Usually when we do concrete foundation we put a pore strip on the outside top which leave a gap for the siding to run down over the concrete for 1". do you have that.


----------



## KULTULZ (Oct 21, 2016)

nealtw said:


> Usually when we do concrete foundation we put a *pore strip* on the outside top which leave a gap for the siding to run down over the concrete for 1". do you have that.



...pore strip...


----------



## nealtw (Oct 21, 2016)

KULTULZ said:


> ...pore strip...



You build the outside of the forms first. 
Figure the height of the foundation and snap a line at that elevation. Nail a 1x2  at that line. The 1x2 is the pore strip, when you pore the concrete you level the top to the top of the pore strip.
When all is stripped away there is a 1x2 void at the top of the foundation on the outside.

In the old day the 3/4 sheeting would continue down and fill that void.
Now with 1/2" sheeting we install the plate out 1/4" over the void and the sheeting is extended down 1". That keeps the sheeting away from the concrete while giving backing for siding that is extended down to hide the void.

All that is in a perfect world and most times it works. With a situation like the OP has, there are a few things that might have been done when it was built.
The easiest would have been to change that wall from 2x4 studs to 2x6  or from 2x6 to 2x8 and make the house a little bigger on this side.

We are always at the limit to how close we are to the property line but that is only measure before the concrete is pored and most inspectors understand that crap happens.

The other more ugly fix is to get the diamond blade in the saw and make that void or make it deeper.

Or this might be the place to just add 1" of foam and make the rest a lot easier to hide.


----------



## slownsteady (Oct 21, 2016)

By now, you have figured out that "pore" = pour :thbup:


----------



## nealtw (Oct 21, 2016)

slownsteady said:


> By now, you have figured out that "pore" = pour :thbup:



Some of us build houses and others check our poor spelling:thbup:


----------



## nealtw (Oct 21, 2016)

....................


----------



## r0lsen (Oct 21, 2016)

I'll post a picture tomorrow unless you all can see in the dark.


----------



## oldognewtrick (Oct 21, 2016)

Nodody gets any extra points for proper spealing.


----------



## slownsteady (Oct 21, 2016)

oldognewtrick said:


> Nodody gets any extra points for proper spealing.

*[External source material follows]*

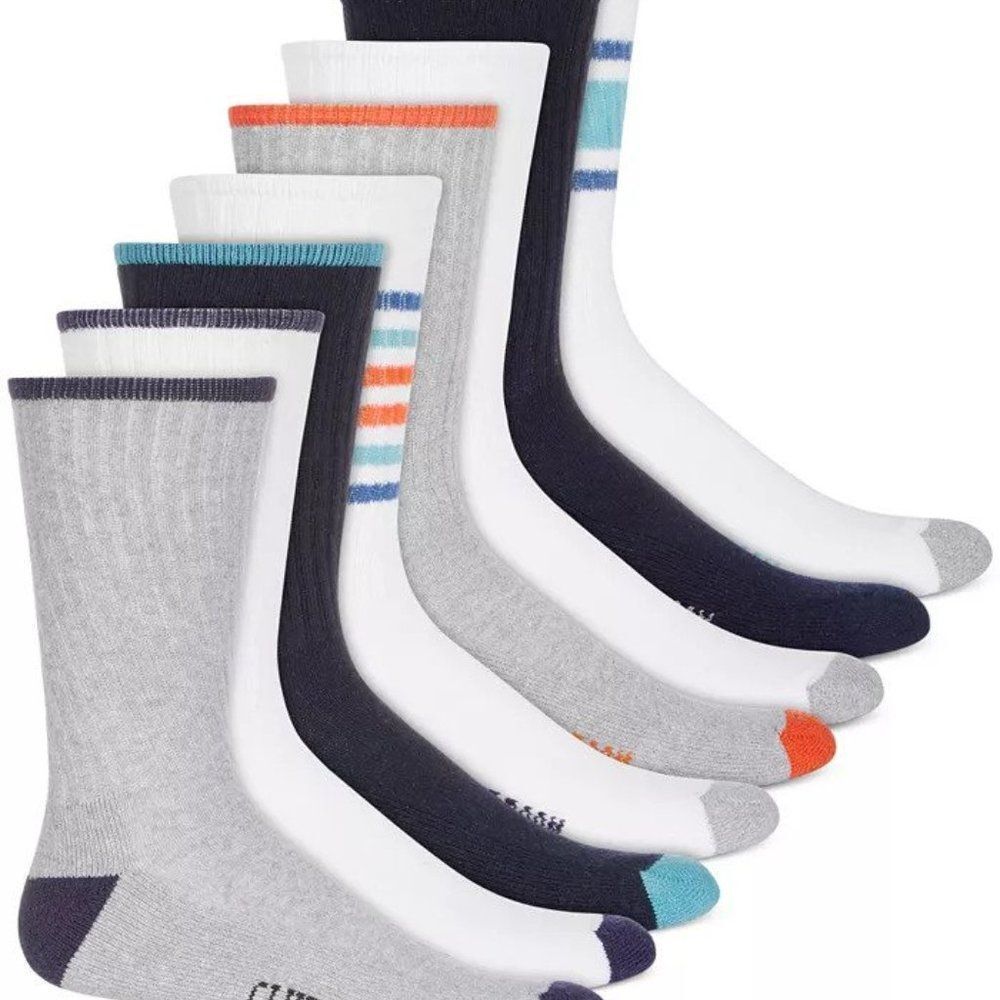 Club Room Men's 8-Pk Crew Socks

Wait till the questions come up on whether you meant 'grave' or 'gravel' in the other thread...:rofl:


----------



## nealtw (Oct 21, 2016)

r0lsen said:


> I'll post a picture tomorrow unless you all can see in the dark.

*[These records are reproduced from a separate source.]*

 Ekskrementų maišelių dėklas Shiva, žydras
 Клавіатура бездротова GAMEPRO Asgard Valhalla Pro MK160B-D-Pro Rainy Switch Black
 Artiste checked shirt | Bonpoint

tapering it that far will be very noticeable and at the corner, just won't work.

Cutting the concrete back isn't as hard as it sounds, fairly simple jig up for a nice line. Yours is a bad one so it would require an 8" circ. saw with 8" diamond blade.


----------



## r0lsen (Oct 22, 2016)

Here are two pictures of what I am talking about.


----------



## nealtw (Oct 22, 2016)

Have you started somewhere, that you want to match the height of the starter strip.
How far below the top of the concrete do you want to start your siding.

Shimming it out can be done if it is not at the corner but that would show a big bulge.
 Cover the whole wall with foam maybe 1 1/2 inches

Cutting a ledge in the concrete solves all the problems but it is still there to see.


----------



## r0lsen (Oct 23, 2016)

Thanks for the help nealtw.


----------



## joecaption (Oct 24, 2016)

That picture helps alot.
I'd be bending a piece of coil stock to act as Z molding out over that slab to prevent water from getting in, and padding the wall out with foam.
I've had to do this job many times, mostly from someone trying to enclose a porch.
I had one that the wall bowed out 1-1/2 in the middle of the wall of all places, and they had laid the bottom plate right over the old deck boards.
I had to use a combination of 1", 1/2" and some fan fold.
Vinyl siding floats so a small amount of step is not going to show.
When done the wall was flat.


----------



## r0lsen (Oct 29, 2016)

What I ended up doing was, I used a PT 1 x 3 and placed it an inch (i think) above where the house and foundation meet and place the starter strip on that. The starter strip hung about an 1.5in below the foundation. I laid a bead of caulked along where the house meets the foundation.


----------